EXERCISE DATA:
------------------------------------------------

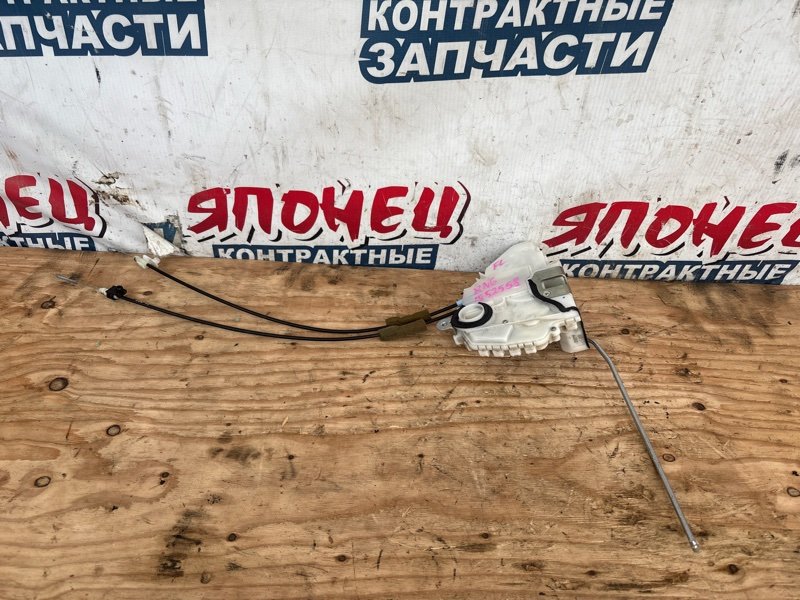 Замок двери HONDA STREAM RN6 R18A передний левый (б/у)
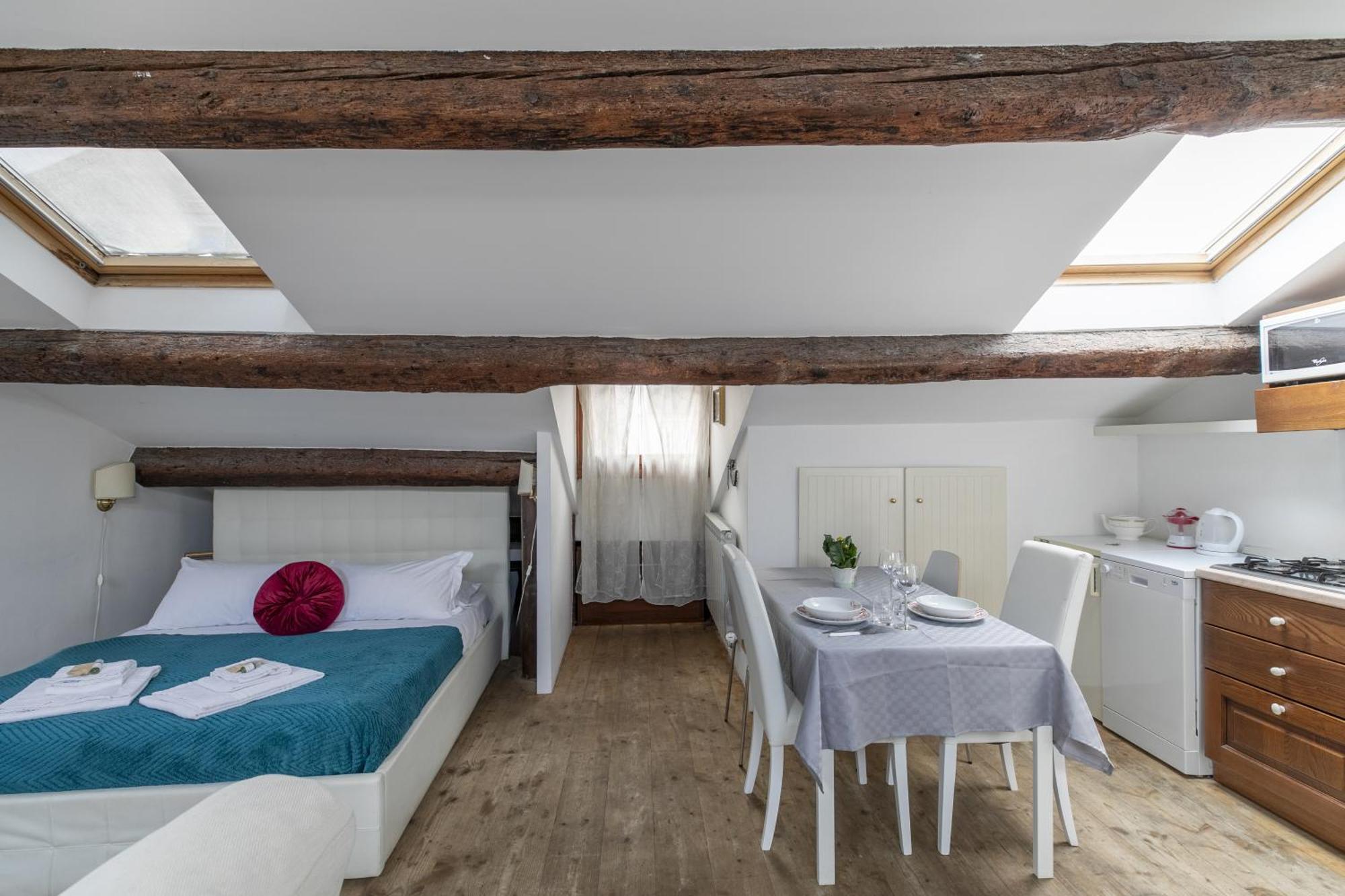 Nice Lovely Attic For 4 Person With Wifi - A/C Venezia Eksteriør bilde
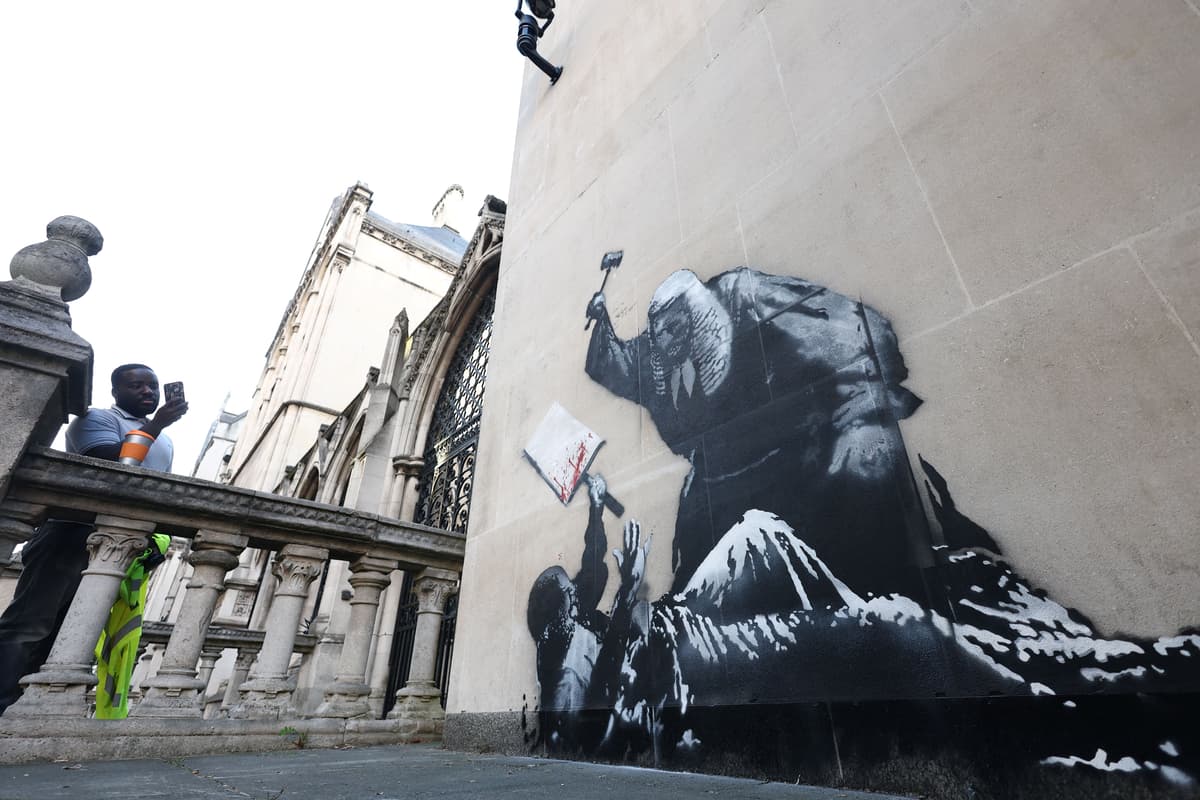 Londoners left disappointed by 'bizarre' removal of latest Bansky - London Evening Standard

------------------------------------------------

PROBLEM STATEMENT: Exactly the lines running from the one with "Nice Lovely Attic" through the end of the listing above must be output, both ends included. No pictures belong in the output.

ANSWER SECTION:
 Nice Lovely Attic For 4 Person With Wifi - A/C Venezia Eksteriør bilde
 Londoners left disappointed by 'bizarre' removal of latest Bansky - London Evening Standard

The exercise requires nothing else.